Pour Merveille Ingesemani, une commerçante de 36 ans, l’évolution de la situation à l’Est est d’abord une source d’inquiétude personnelle : "Nous avons l’impression que le gouvernement n’agit pas avec la fermeté nécessaire. Tous les jours, on entend parler de villages attaqués, de milliers de déplacés… mais que fait réellement l’armée ?". Cette préoccupation est partagée par Armelle Abadie, étudiante en médecine, qui redoute la propagation du conflit à d’autres régions, à mesure que les groupes armés étendent leur influence. "Les rebelles sont entrés dans le Sud-Kivu sans aucune résistance de l’armée congolaise. Je me demande bien ce qui se passe à l’intérieur. À chaque fois que les rebelles lancent un assaut sur une ville ou un village, ils remportent la victoire en moins de 24 heures.

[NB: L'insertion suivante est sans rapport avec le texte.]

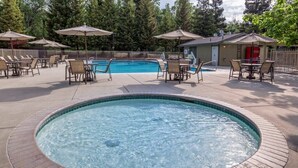 A hot tub surrounded by lounge chairs and umbrellas, with a pool and outdoor seating area in the background. - Bass Lake | Group Lake Getaway | Pool + Lake | 2BR (Bass Lake)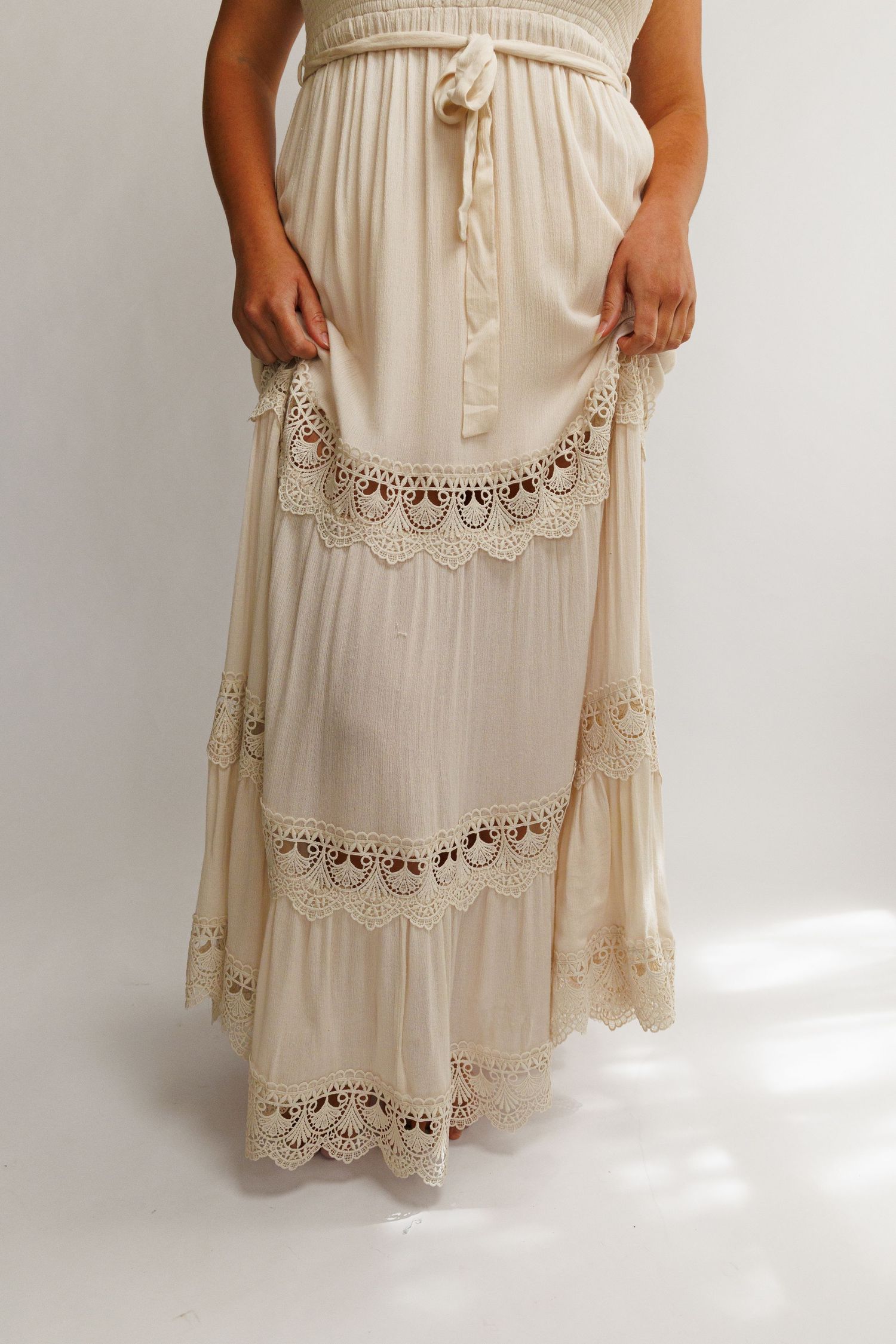 Cream boho maxi skirt with crochet lace trim details and tiered layers, featuring a drawstring waist.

On est vraiment aussi faibles à ce point ?", s’interroge-t-elle.

De son côté, Ortance Fuzi, étudiante en droit, exprime sa frustration face à la lenteur des interventions gouvernementales et des opérations militaires. "Cela fait des années que les mêmes groupes armés sévissent. Pourquoi n’avons-nous pas une armée mieux équipée, mieux formée ?", déplore-t-elle. Pour elle, la réponse du gouvernement est largement insuffisante et semble marquer une distance entre les autorités et les réalités du terrain.

Mais au-delà de l’inefficacité perçue de l’État, certaines Kinoises s’interrogent également sur le comportement des populations locales dans les zones affectées.
Amina Engbolo, étudiante en sciences sociales, souligne que "certaines personnes se sentent poussées à collaborer, parfois par peur, parfois pour des raisons économiques. Dans des régions où la pauvreté est extrême, certains groupes armés offrent des promesses de protection, voire des moyens de subsistance. Dans ce contexte, il est difficile de juger la population locale qui peut être prise en étau entre ses besoins immédiats et la nécessité de survivre."

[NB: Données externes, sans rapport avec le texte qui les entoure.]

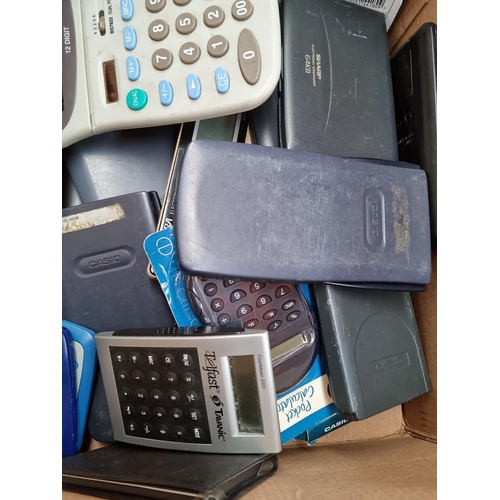 1402 - A box containing a collection of pocket calculators and organisers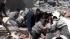 People rescue two women trapped under debris in...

Cependant, ce phénomène de collaboration est vu d’un mauvais œil par Marcelline Nkwadi, infirmière, qui dénonce ce qu’elle considère comme une forme de trahison : "on doit tous soutenir les efforts des autorités pour sauver le pays. On doit faire face et résister à la menace de l’ennemi de toutes les manières possibles. Dire non à tout et rester catégorique." Pour elle, toute forme de collaboration avec les rebelles constitue une menace supplémentaire pour la stabilité du pays.

Malgré l’ampleur du désastre à l’Est, les congolais se montrent néanmoins solidaires. Les associations humanitaires, bien que souvent limitées par les obstacles logistiques et sécuritaires, continuent d’organiser des collectes de fonds et des envois d’aides pour les déplacés. Cependant, la question de l’efficacité de ces aides est fréquemment soulevée : "on envoie de l’aide, mais où va-t-elle vraiment ? Il y a un manque de transparence dans la gestion de ces fonds", indique une militante de la société civile.
Elle appelle cependant à une réforme en profondeur de la gestion de la crise. "Il faut un plan de paix durable, pas des solutions temporaires. Nous ne pouvons pas continuer à vivre dans l’incertitude, à regarder ce carnage sans espérer un changement réel."